I shall adopt the issues as submitted by the appellant in considering this appeal. But, before I proceed, the learned counsel for the respondent filed a Notice of Preliminary Objection challenging the competence of the appeal. Preliminary Objections are filed against the hearing of an appeal and so once it succeeds the appeal no longer exists. All too often we see Preliminary Objections filed against one or more grounds of appeal. Once there are other grounds that can sustain the appeal, a Preliminary Objection should not be filed. Instead, a Notice of Motion seeking to strike out the defective grounds of appeal should be filed. In this case, a Preliminary Objection was properly filed, because if it succeeds the appeal comes to an end. See NEPA v. Ango 2001 15 NWLR Pt. 737 P. 627. It is filed only when the respondent is satisfied that there is some fundamental defect in the appellant’s process. The sole purpose being to terminate the appeal usually on grounds of incompetence. See Ndigwe v. Nwuse 1999 11 NWLR Pt. 626 P. 314, NEPA v Ango (supra). The norm of filing objection is not clear. Where the respondent complains of the competency of a ground of appeal as in this appeal and the other grounds are in order, and can sustain the appeal, the respondent ought to file a Motion on Notice to strike out the incompetent grounds and not a Preliminary Objection. See Muhammed v. Military Administrator Plateau State 2001 16 NWLR Pt. 740 P. 524, NDIC v. Oranu 2001 18 NWLR Pt. 744 P. 183. Finally, and for emphasis, a Preliminary Objection is filed only against the hearing of the appeal and not against one or more grounds of appeal. See SPDC (Nig.) Ltd v. Amadi & Ors., (2011) LPELR – 3204 (SC) and Odunukwe v. Ofomata (2010) 18 NWLR (Pt. 1225) 404, Per Rhodes Vivour, JSC.
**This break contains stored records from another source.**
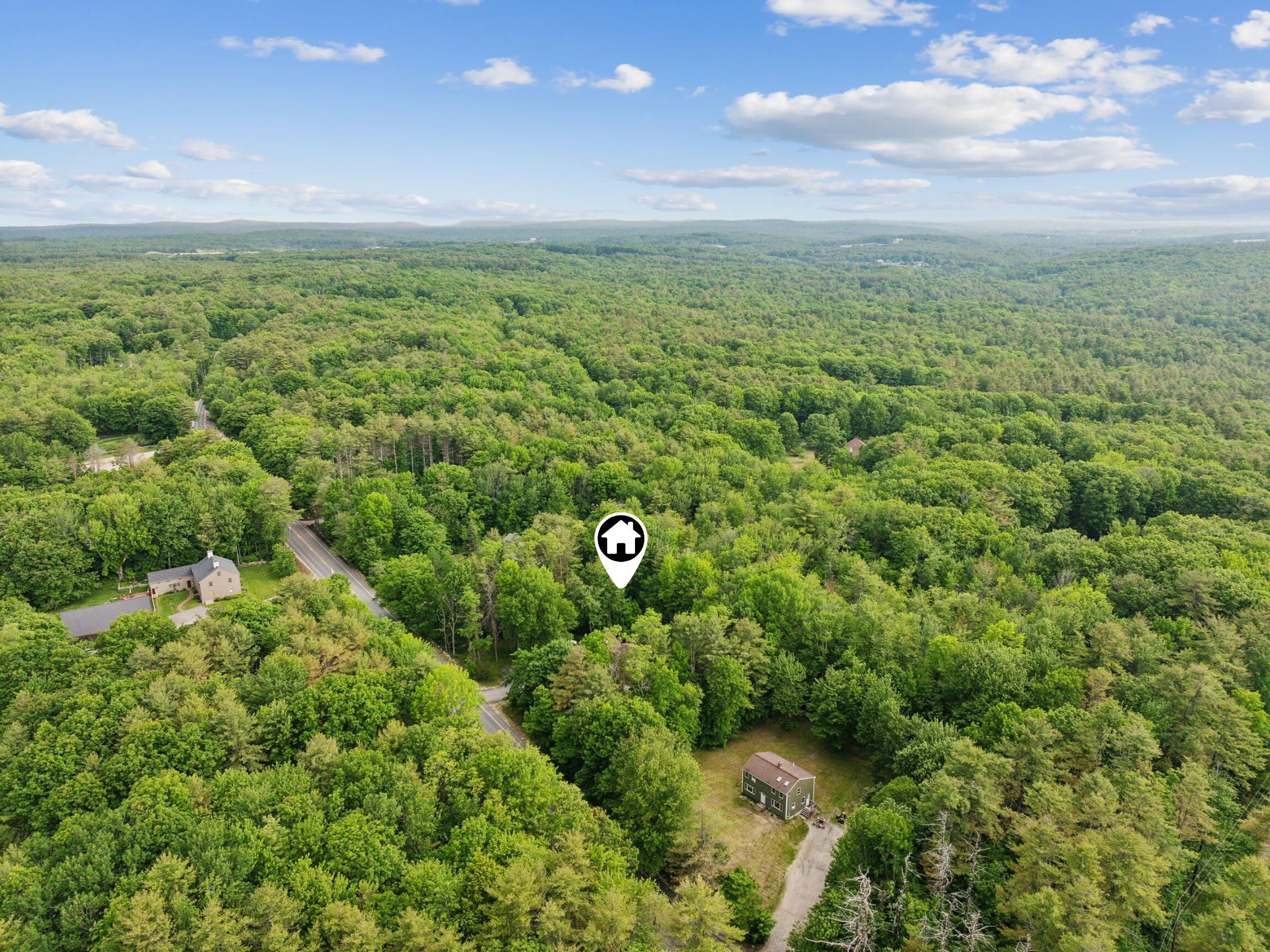 295 Yarmouth Road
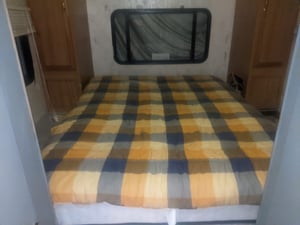 1999 Coachman American Rv — photo 40 of 57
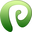PEA Token logo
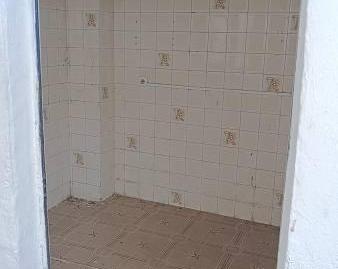 Foto 5 de Piso en venta en Calle de Los Carpinteros, Morón de la Frontera, Sevilla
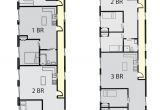 Infill Home Plans Infill House Plans 28 Images 301 Moved Permanently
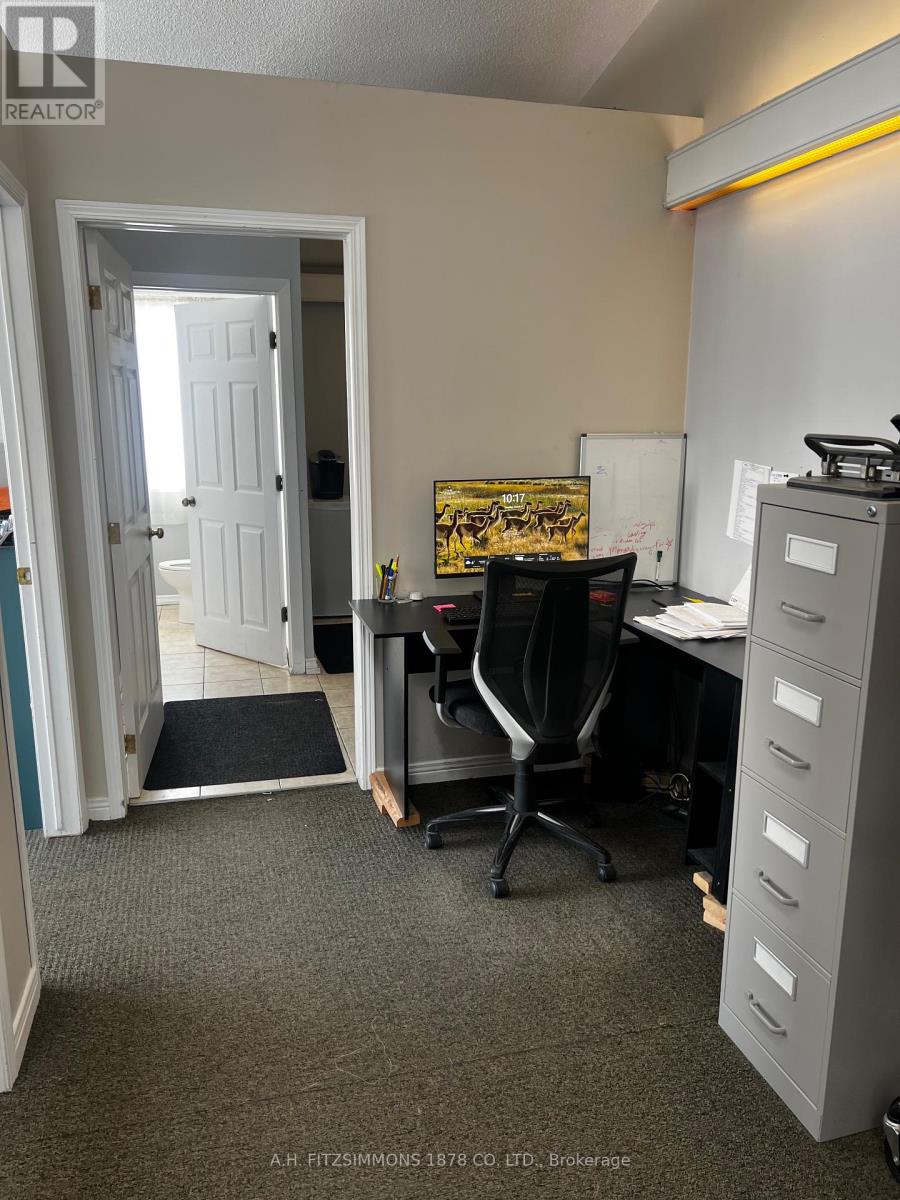 2773 Fenton Road, Ottawa, Ontario  K1T 3T8 - Photo 7 - X12906228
In the instant case, the respondent raised two issues in respect of the Preliminary Objection. Thus:
a. Whether grounds 1 and 2 of the Notice of appeal is competent.
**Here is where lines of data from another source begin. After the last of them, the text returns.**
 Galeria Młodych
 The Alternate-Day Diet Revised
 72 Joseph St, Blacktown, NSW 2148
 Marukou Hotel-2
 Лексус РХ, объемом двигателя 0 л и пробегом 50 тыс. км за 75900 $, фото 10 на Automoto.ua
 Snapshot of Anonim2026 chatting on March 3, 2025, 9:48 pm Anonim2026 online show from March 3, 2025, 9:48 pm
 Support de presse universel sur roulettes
b. Whether by the combined effect of the Supreme Court decision in SKYE BANK V. IWU (2017) LPELR-42595 (SC) PER NWEZE JSC PP 54-64 PARAGRAPH E-A the entire appeal herein has not offended the provision of Section 243 (4) of the 1999 Constitution (as amended).
The first issue raised by the respondent is that the appellant did not appeal against the said ruling and has with Section 242 (1) of the 1999 Constitution and therefore, urged the Court to strike out grounds 1 and 2 of the Notice of Appeal. Counsel relied on Section 241 of the 1999 Constitution (As Amended)
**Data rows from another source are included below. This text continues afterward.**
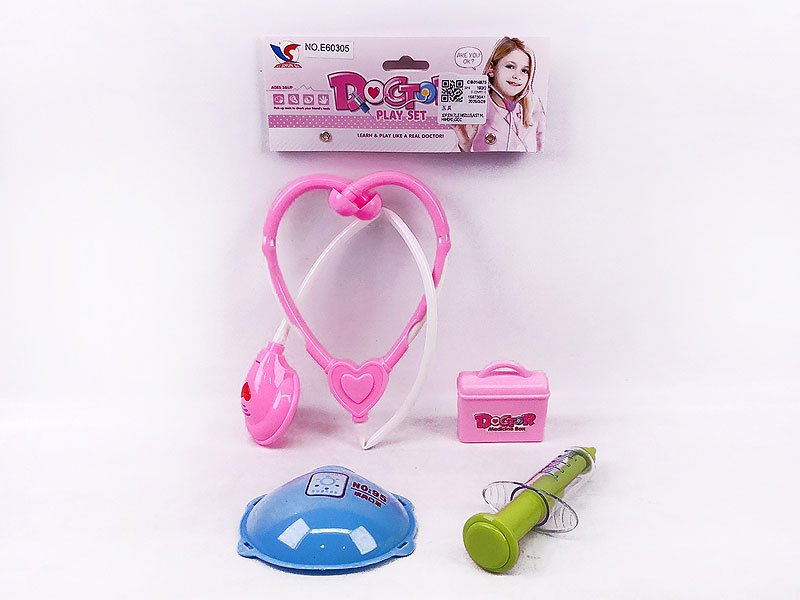 CB014875.jpg – Toys Wholesaler China - Wholesale Toys in china - Sourcing Agent in China - China toys manufacturer, Yiwu, Shantou, Guangzhou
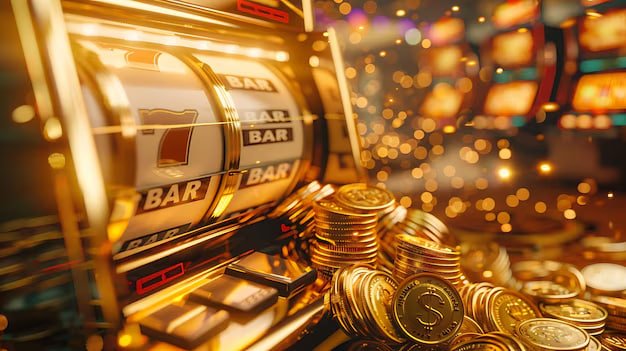 Adults only responsible gaming guidance in the 3999 apk Rajshahi casino guide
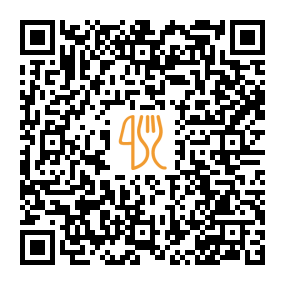 QR-code link para o menu de Cousins Cafe And Catering Llc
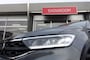 Volkswagen T-Roc 1.0 TSI LIFE BUSINESS Trekhaak 1e Eigenaar (All-in prijs)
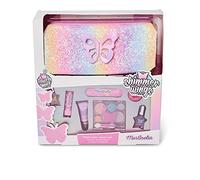 Martinelia Shimmer Wings Trousse à crayons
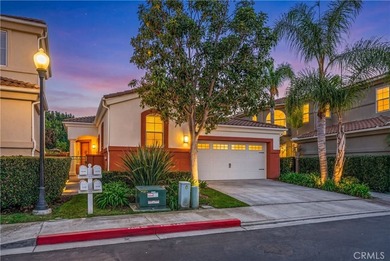 SPECTACULAR GOLF COURSE FRONTAGE ON THE 14TH GREEN! Welcome to on San Juan Hills Country Club in California - for sale on GolfHomes.com, golf home, golf lot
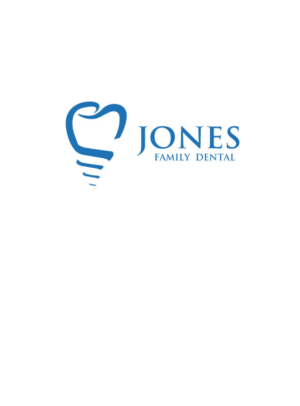 Logo Design by goodigital13 for this project | Design: #20471761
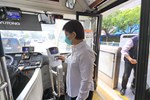 TSAI4540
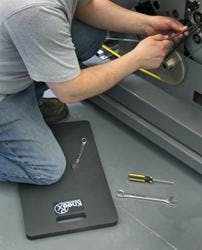 66675dd774c1d40008e417e2 830 350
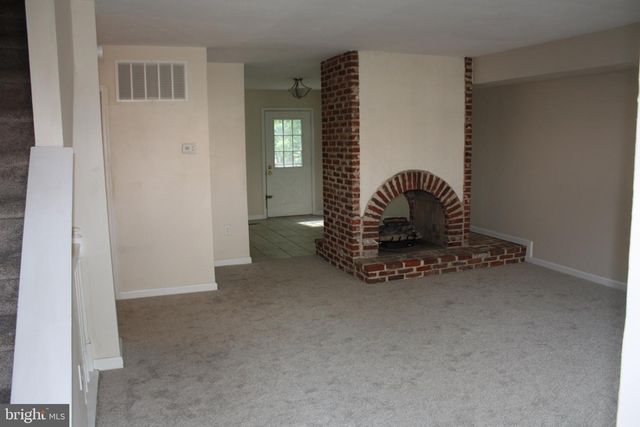 60 PROVIDENCE AVE, Doylestown, PA 18901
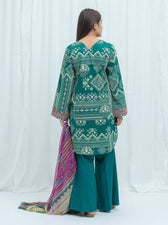 img_beechtree_lawn_2021_awwal_boutique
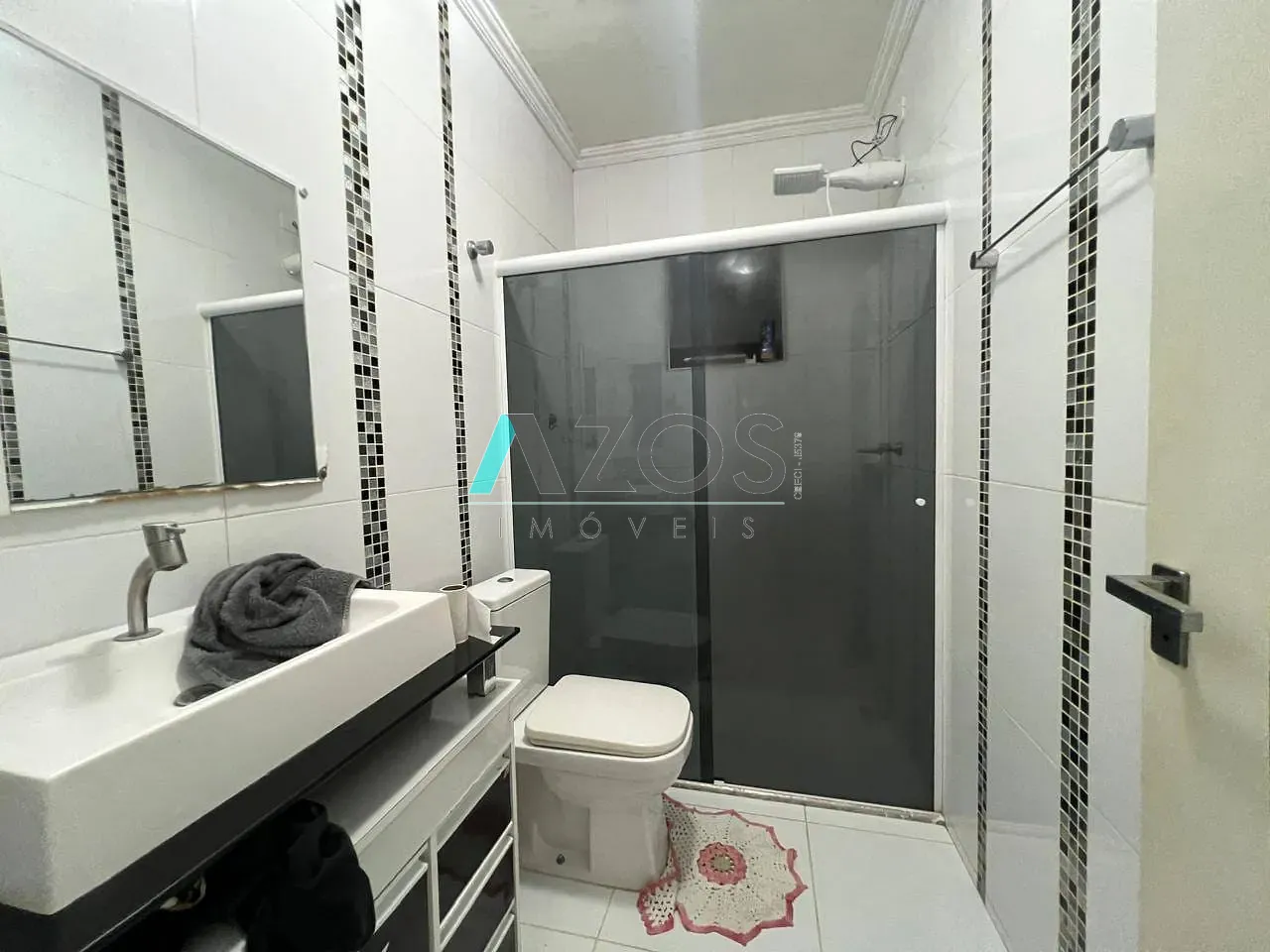 Sítio, 5 quartos, 8000 m² - Foto 26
In response, learned counsel for the appellant submitted that by virtue of Order 4 Rule 5 of the Court of Appeal Rules, 2016, the powers of the Court of Appeal in respect of Appeals shall not be limited by reason of interlocutory order from which there has been no appeal under the rules a party who is dissatisfied with a judgment or appeals against it may raise complaint against an interlocutory decision made by the trial Court even though he has not appealed against the interlocutory order when it was made. Counsel relied on the cases of FBN v. Tsoka (2004) 5 NWLR (Pt. 866) 271 Ratio 17, Okobia v. Ajanya (1998) 6 NWLR (Pt. 554) 348, Iweka v. SCOA Nig. Ltd (2000) 7 NWLR (Pt. 664) 325.
The second issue raised by the respondent is that the entire appeal by the decision of Supreme Court in Skye Bank v. Iwu (2017) LPELR-42595 (SC) Per Nweze JSC PP54-64 Para. E- A, has not offended the provision of Section 243 (4) of the 1999 Constitution (As Amended) and that this Court lacks the jurisdiction to entertain this appeal as the necessary conditions were not fulfilled. Counsel relied on the case of Madukolu v. Nkemdilim (1962) 2 SCNLR 341.
In response to this issue, the appellant argued that, consequent to the provisions of Section 243 (2) of the 1999 Constitution (as amended). He submitted that the Ground 2 of the Appellant’s Notice of Appeal is condensed on the issue of lack of fair hearing to the appellant, which is an issue hinging on fundamental Rights as such will attract the benefits of Section 243 (2) of the 1999 Constitution (As Amended).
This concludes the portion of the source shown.